Dead Man's Hole (Tower Bridge)
The white tiles lining a small alcove at the base of Tower Bridge are not there for decoration. They are a practical, brutal prophylactic against decomposition. Walk along the north side, heading toward the Tower of London end, and look down at the river's edge. This spot, Dead Man's Hole, is where the Thames's tidal currents naturally deposited bodies.
This wasn't just a random dumping spot. Whether the deceased had drowned, or if they had been murdered and dumped in the river, the current would carry them to this precise, inescapable point. The tiles were installed because, naturally, decomposing corpses would sometimes explode from gas buildup. You can still see the L-shaped steps and grappling hooks left for the grisly task of retrieving the remains, some of which were even displayed for public identification.
It’s a stark reminder that even the most recognizable structures, like Tower Bridge, are built over a constant, silent river of history. You can find this spot by walking along the northern abutment of the bridge.
Crossbones Graveyard
Imagine walking down a narrow side street where the ground beneath your feet is actually a massive, unofficial cemetery. This is Crossbones, a Southwark passage that sits on an estimated fifteen thousand bodies. The story of who was buried here—the prostitutes known as Winchester Geese—tells you everything about the hypocrisy of medieval London.
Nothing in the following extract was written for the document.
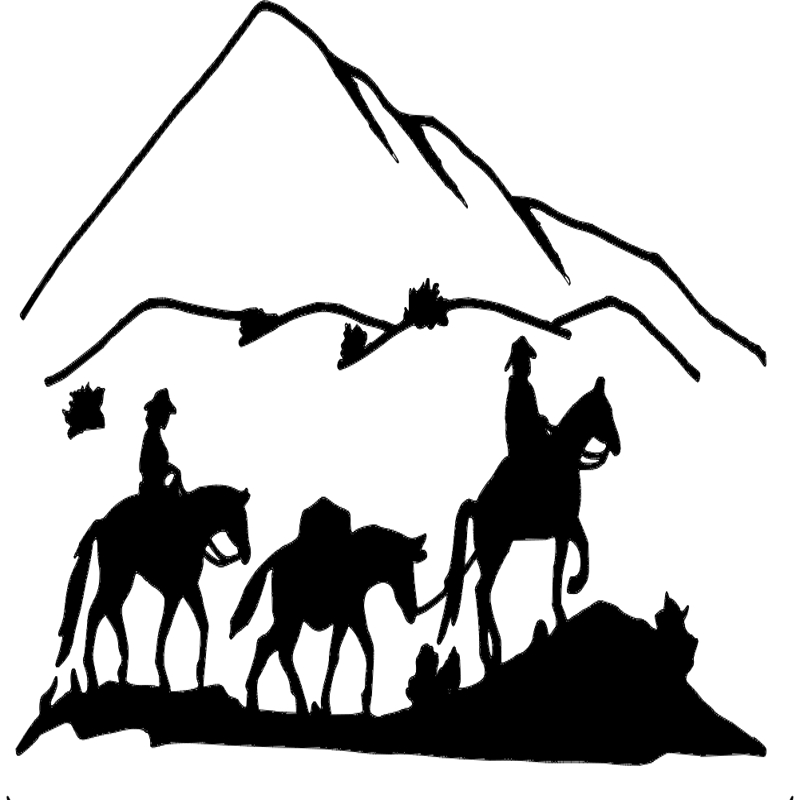 طرح وسترن ۳ اسب و ۲ سوارکار مناسب برای استفاده در دستگاه های cnc چوب و cnc لیزر - western 3 horses 2 riders dxf file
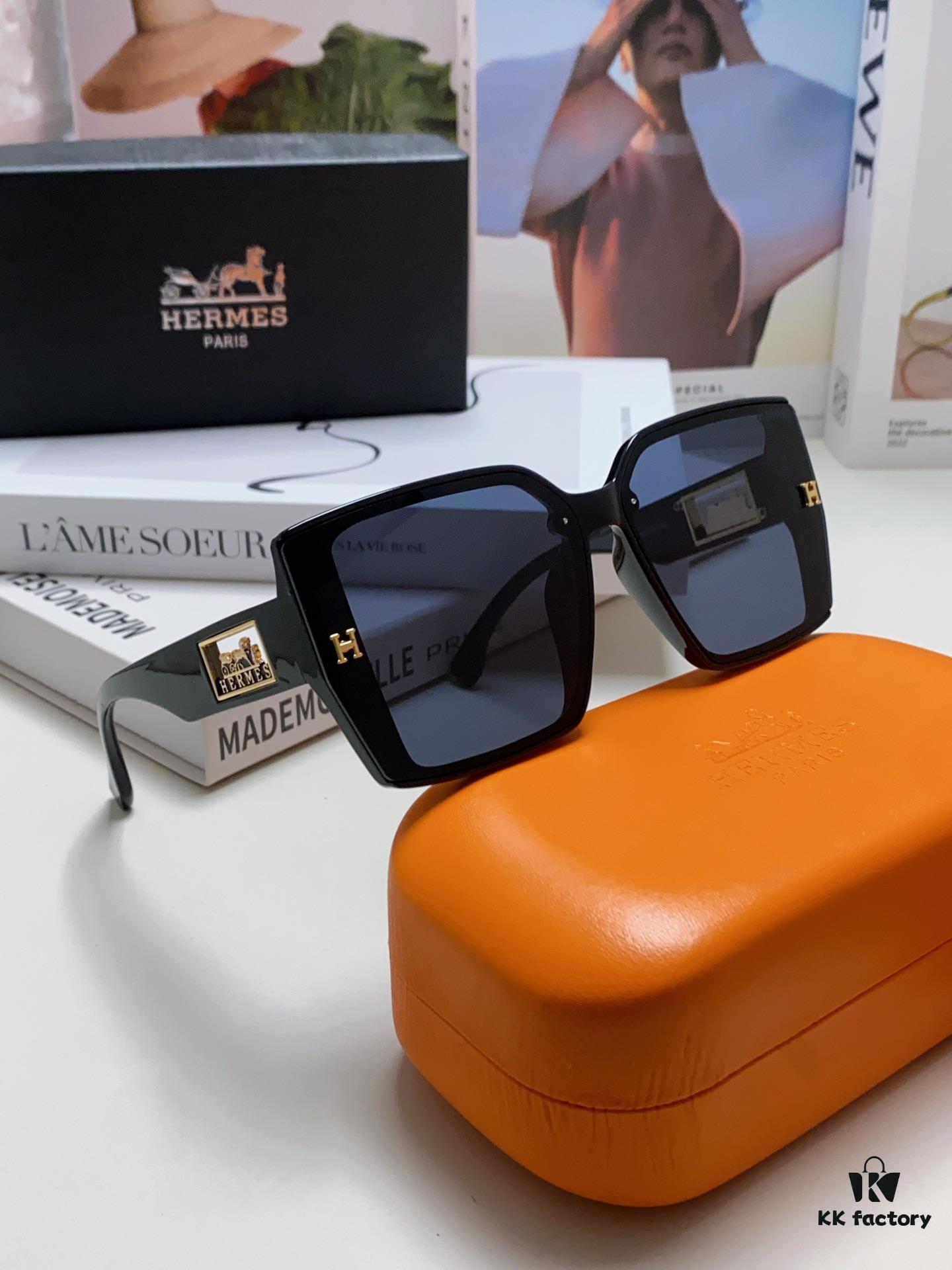 6931aea5ccd8ab3d7afa2bbc Hermes 2024 New Arrival Polarized Sunglasses for Women, Fashion Oversized Frame, Slimming Effect, UV Protection, Versatile and Stylish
The site was originally an unconsecrated burial ground, licensed by the Bishop of Winchester. Because it was technically outside the City of London's jurisdiction, it operated as a lawless zone called the Liberty of the Clink. Over time, the sheer volume of the dead meant the area housed an estimated 15,000 people before its closure in 1853.
It’s a profoundly dark piece of history, but today it functions as an official Garden of Remembrance. It’s worth wandering through the area to understand the sheer density of life and death that once occurred right here in Southwark.
Highgate Cemetery (West)
By the 1830s, London was literally drowning in its own dead. The churchyards were so overcrowded that coffins were stacking up and bursting open. Gravediggers had to cram bodies in at night, sometimes cutting corpses apart just to make them fit. The stench was unbearable, and the water supply was being poisoned by the decomposing remains.
The solution, orchestrated by Parliament, was to build seven commercial cemeteries in a ring around the city. Highgate, which opened in 1839, became the showpiece of this movement. Its grand scale and architecture were a direct response to a public health crisis, making it a fascinating intersection of Victorian obsession and civic necessity.
If you visit, keep an eye on Egyptian Avenue. It was originally designed as an enclosed tunnel with 16 vaults on either side, giving the illusion of being in an Egyptian tomb, a perfect example of how the dead were made to feel exotic.
The Charterhouse
You are standing on top of twenty thousand bodies. The Black Death arrived in London in 1348 and killed roughly half the population, leaving the churchyards utterly unable to cope. The solution was to dig mass burial pits on the outskirts of the city, and this was one of the largest.
An estimated twenty thousand plague victims were dumped here in layers, covered with quicklime, and buried. This site has been everything from a plague pit to a monastery, to a Tudor mansion, and is still operating today as an almshouse. It is a layered history of survival, marked by death.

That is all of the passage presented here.